The Pittsburgh Tribune-Review reports that the takeover amendment shaped by Finance Chairman Patrick Browne for municipal plans under 50% funded:
- Allows “severely distressed” plans to make reduced payments toward pension costs;
- Requires revised benefit plans for new hires, requiring them to contribute to their pension;
- Allows for defined contribution plans under which employers contribute at a set rate but the benefits are not guaranteed;
- Establishes a code of conduct for investment firms; and
- Calls for municipal pension employees in Pittsburgh to be given “hiring priority” in the state system.
Pennsylvania’s Public Employers Retirement Commission (PERC) recommended the legislation in July (see PA Proposal Would Move Distressed Municipal Pensions to State ).
According to the Associated Press, the amendment also would bar elected officials from participating in plans that allow employees eligible to retire to pick a retirement date four years in the future, then amass pension payments at a 4.5% interest while continuing to work and collect their salaries.
The full Senate could vote on the legislation as early as Wednesday. The bill would have to be reconciled with a House bill before being passed into law.
Pittsburgh is among the roughly three dozen municipalities that could be taken over by the Pennsylvania Municipal Retirement System. Pittsburgh's $899 million plan is 28% funded.
The Associated Press reports that the amendment would dedicate 6.75% of the money Pittsburgh collects from parking to help pay the city's minimum pension obligation.
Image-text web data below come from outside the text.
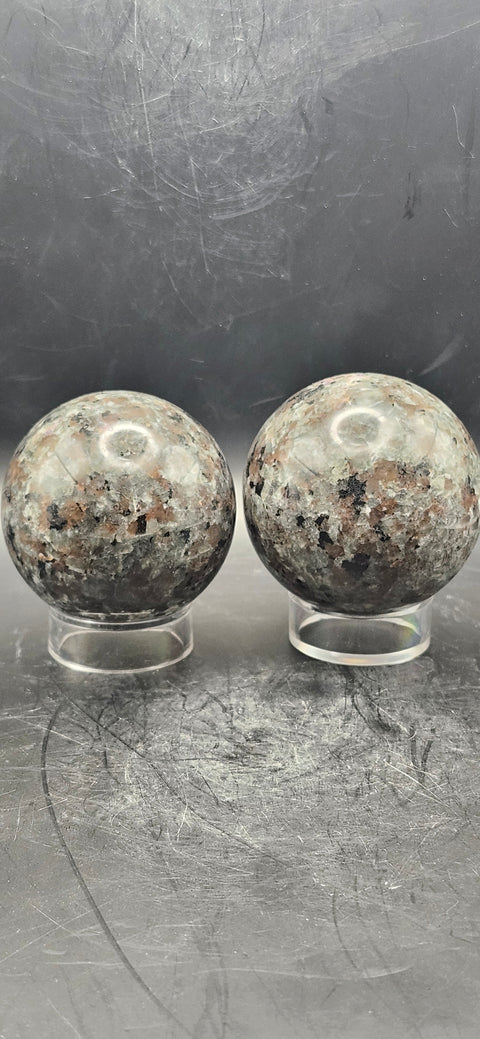 Flame stone sphere! 50.5mm, 1.9 inches, 6.2 ounces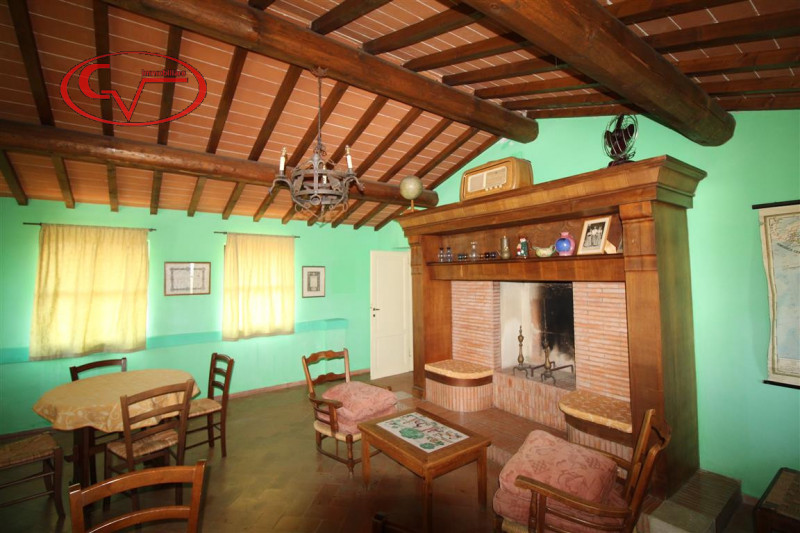 Immagine 49 di Villa in vendita  in via xxv aprile a Bucine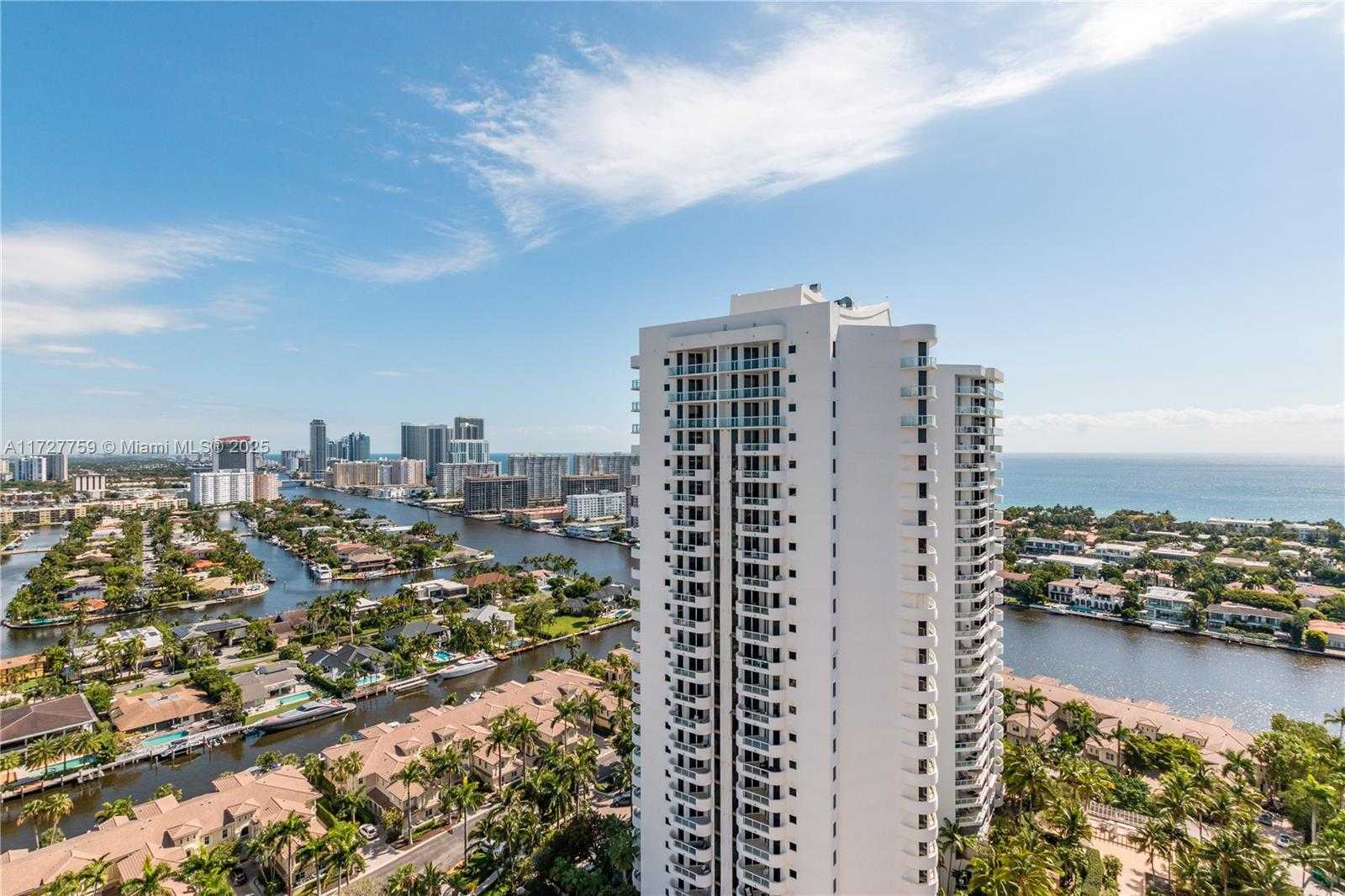 Small Image of 21205 YACHT CLUB DR #2802, Aventura Number 10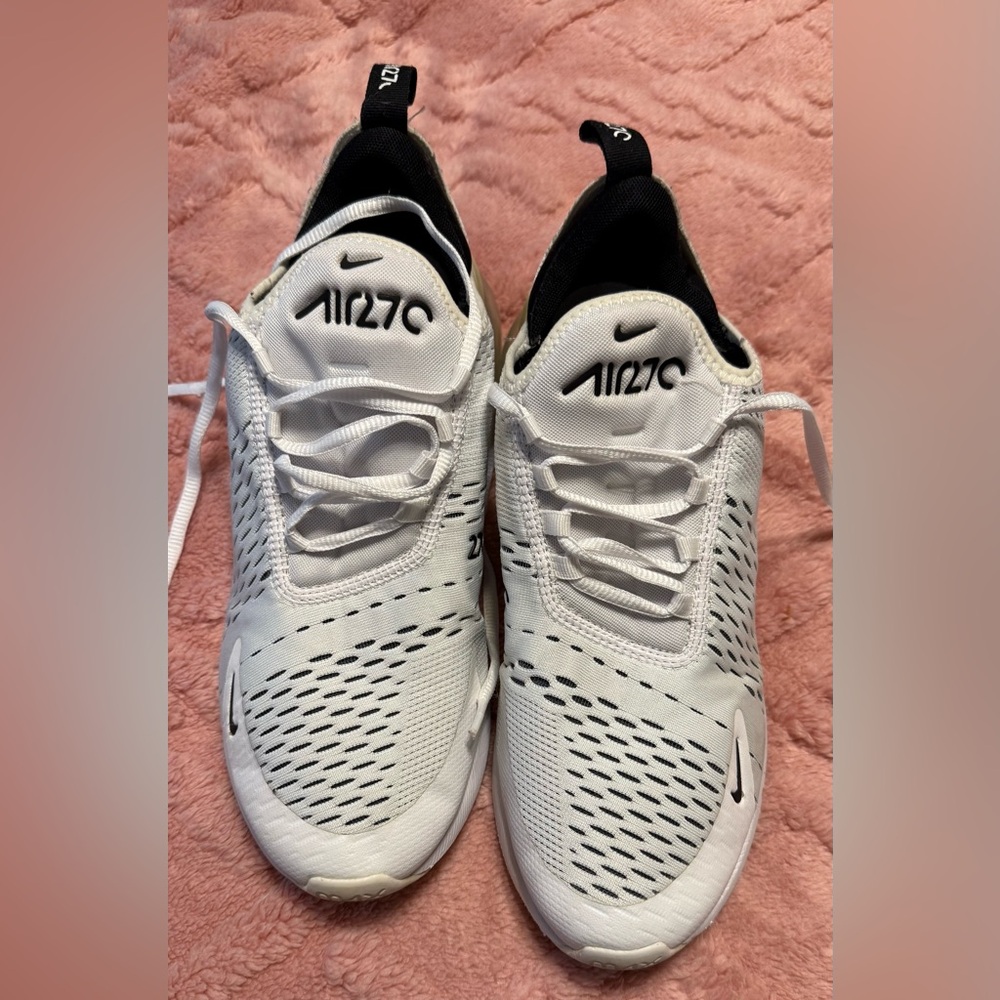 Women’s Nike Air Max 270 White and Black Sneakers Size 10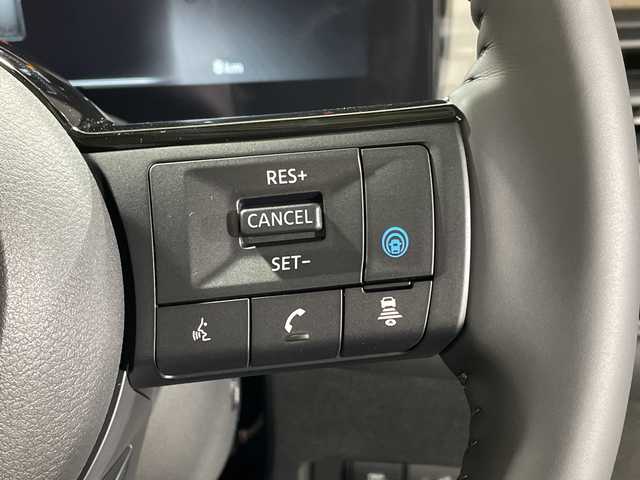 日産 セレナ e－パワー ハイウェイスター V 神奈川県 2025(令7)年 0.1千km パール 登録済未使用車/純正DA・12.3型/（HDMI/TV/AM/FM）/360度セーフティアシスト/純正フリップダウンモニター/両側パワースライドドア/プロパイロット/追従クルコン/ブラインドスポットモニター（BSM）/ETC2.0/純正ドラレコ（前後）/ステアリングスイッチ/デジタルインナーミラー/電動パーキングブレーキ/ブレーキオートホールド/プッシュスタート/スマートキー/スペアキー/取扱説明書/保証書/LEDヘッドライト/オートライト/オートマチックハイビーム/純正16インチAW/電動格納ミラー/安全装備/インテリジェントエマージェンシーブレーキ/前方衝突予測警報/車線逸脱防止支援システム/後側方衝突防止支援システム/後側方車両検知警報/ふらつき警報/衝突回避ステアリングアシスト/車線逸脱警報/後退時車両検知警報/踏み間違い衝突防止アシスト/標識検知機能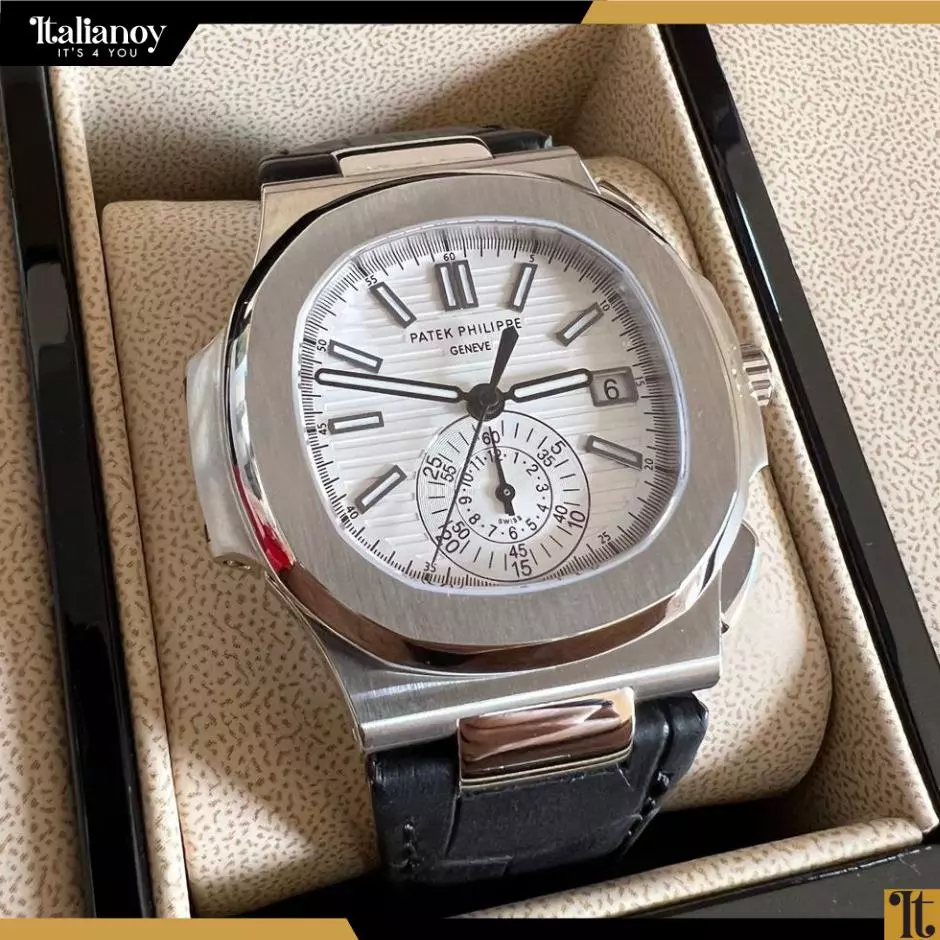 Patek Philippe Aquanaut Self-Winding Silver-White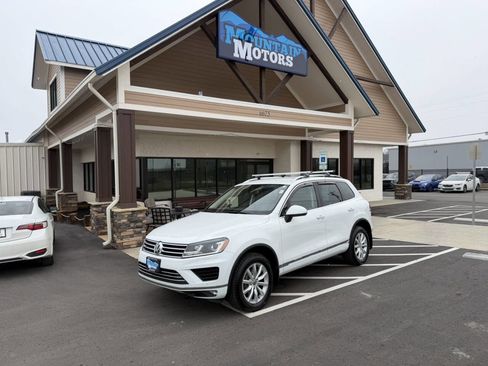 Used 2016 Volkswagen Touareg VR6 image 1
It would allow the city to increase the tax if it sells or leases its parking garages.
The legislation also would allow Philadelphia to raise its sales tax to 8% from 7% for five years, which would raise an estimated $580 million that would be used to pay off pension contributions that the city has deferred, according to the AP. Under the amendment, Philadelphia would have to freeze pension benefits for current employees and adopt revised benefits for new employees that cost no more than 75% of the existing plan.
A recent report indicated the Philadelphia plan is facing the most severe underfunding in over a decade (see Philadelphia Pension Faces Most Severe Underfunding in over a Decade ).